In Varo’s painting “Harmony” (1956), a person (it could be a man or a woman) sits at a desk in a cavernous room, threading objects like crystals, plants, geometric figures and paper scraps of mathematical formulas onto a musical staff that looks like an abacus or a loom. Figures resembling muses appear to be coming out of the walls. The person, Varo wrote in a note addressed to her family, “is trying to find the invisible thread that unites all things.”
By this time she was living with Walter Gruen, an exiled Austrian owner of a popular classical music record shop. He believed in Varo’s talent and encouraged her to devote herself to painting wholeheartedly.
Varo had her first major solo exhibition in Mexico City in 1956. It was a hit among critics and collectors as well as the celebrated Mexican muralist Diego Rivera, who was quoted as saying that Varo was “among the most important women artists in the world.” Her second solo show, in 1962, was also successful.

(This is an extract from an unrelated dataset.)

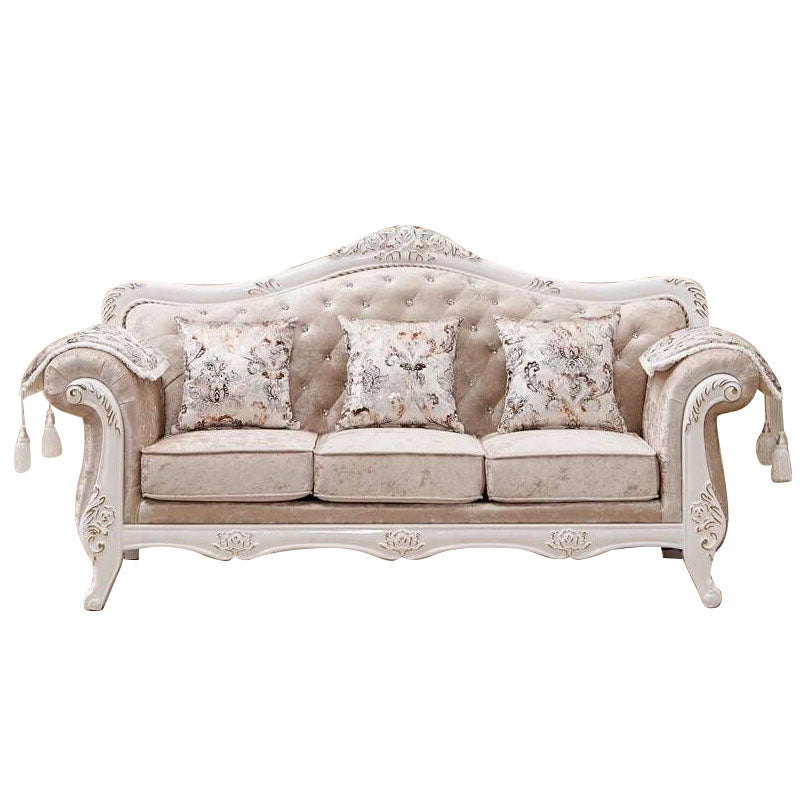 French Country Standard Rolled Arm Settee Tufted Back Couch for Three People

Varo died of a heart attack on Oct. 8, 1963. She was 54. Gruen became a tireless champion of her work and legacy, and a 1971 posthumous retrospective at the Museum of Modern Art in Mexico drew crowds.
The value of Varo’s work has soared in recent years, in no small part because of its rarity, quality and striking imagery.
“It has a magical effect,” Norris said. “There is a radiance and a light to her work, much like you see in a great Renaissance painting.”